The gasses of the nebula were still a part of them, but they were absorbed either into the ground or into the very atmosphere itself. As things forms, things slowly changed in how the solar system worked. Again, because of the star. Once objects were a true certain mass they went into orbit around the sun. Other objects were launched into space or pulled closer to the sun and collided with other objects. Some think that this is why happened to the Earth that caused the moon to be formed in a roundabout way. All told, the way our solar system looks right now is because of the sun in large part. Thus, we owe it more than we could ever realize.


Eight Facts about the Sun and the History of the Sun.

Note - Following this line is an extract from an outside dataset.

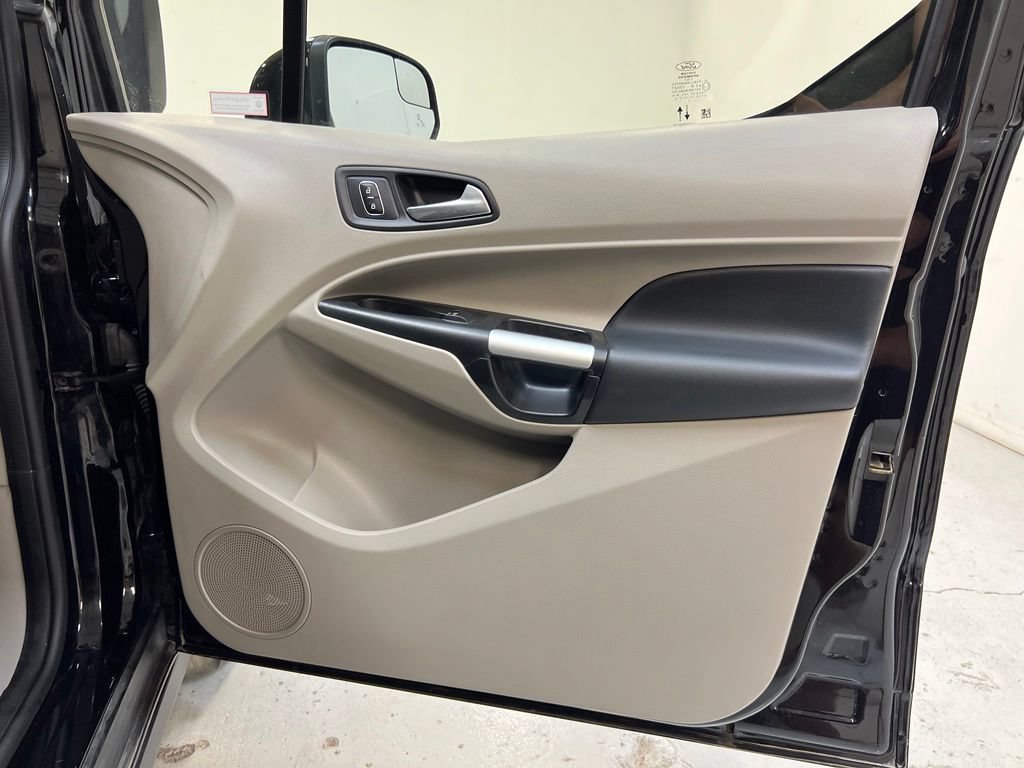 Used 2023 Ford Transit Connect Titanium FWD image 29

It's very easy to say that the sun is a "giant ball of light and heat", but in truth it's MUCH more complicated than that. In terms of the number of atoms, it is made of 91.0% hydrogen and 8.9% helium. By mass, the Sun is about 70.6% hydrogen and 27.4% helium. The Sun has six regions: the core, the radiative zone, and the convective zone in the interior; the visible surface, called the photosphere; the chromosphere; and the outermost region, the corona. The Sun's enormous mass is held together by gravitational attraction, producing immense pressure and temperature at its core.

At the core, the temperature is about 27 million degrees Fahrenheit (15 million degrees Celsius), which is sufficient to sustain thermonuclear fusion. This is a process in which atoms combine to form larger atoms and in the process release staggering amounts of energy. Specifically, in the Sun’s core, hydrogen atoms fuse to make helium. The energy produced in the core powers the Sun and produces all the heat and light the Sun emits.


Above the photosphere lie the tenuous chromosphere and the corona (crown), which make up the thin solar atmosphere. This is where we see features such as sunspots and solar flares. Visible light from these top regions is usually too weak to be seen against the brighter photosphere, but during total solar eclipses, when the moon covers the photosphere, the chromosphere looks like a red rim around the Sun, while the corona forms a beautiful white crown with plasma streamers narrowing outward, forming shapes that look like flower petals. Strangely, the temperature in the Sun's atmosphere increases with altitude, reaching as high as 3.5 million degrees Fahrenheit (2 million degrees Celsius). The source of coronal heating has been a scientific mystery for more than 50 years.

The End Of Our Star

Eight Facts about the Sun and the History of the Sun.

Defining the "end" of a stars life is a bit more complicated than you might expect. Mainly because stars don't die in the traditional sense most times, they go into different phases of life, and sometimes "die" in order to create new stars. In the case of our sun, which is a Yellow Dwarf, it'll "die" in its current state in about 5-7.5 billion years depending on who you ask.

When that happens, it'll become a Red Giant, which is significant because these are MUCH bigger than Yellow Dwarfs. In fact, when that happens, the Earth will honestly die because the sun will swallow it up in its new state more than likely. Some even speculate that the Red Giant could consume everything up to Jupiter. Again, this is many billions of years away, but it will happen, and much like the sun made our solar system, the sun will also help destroy it.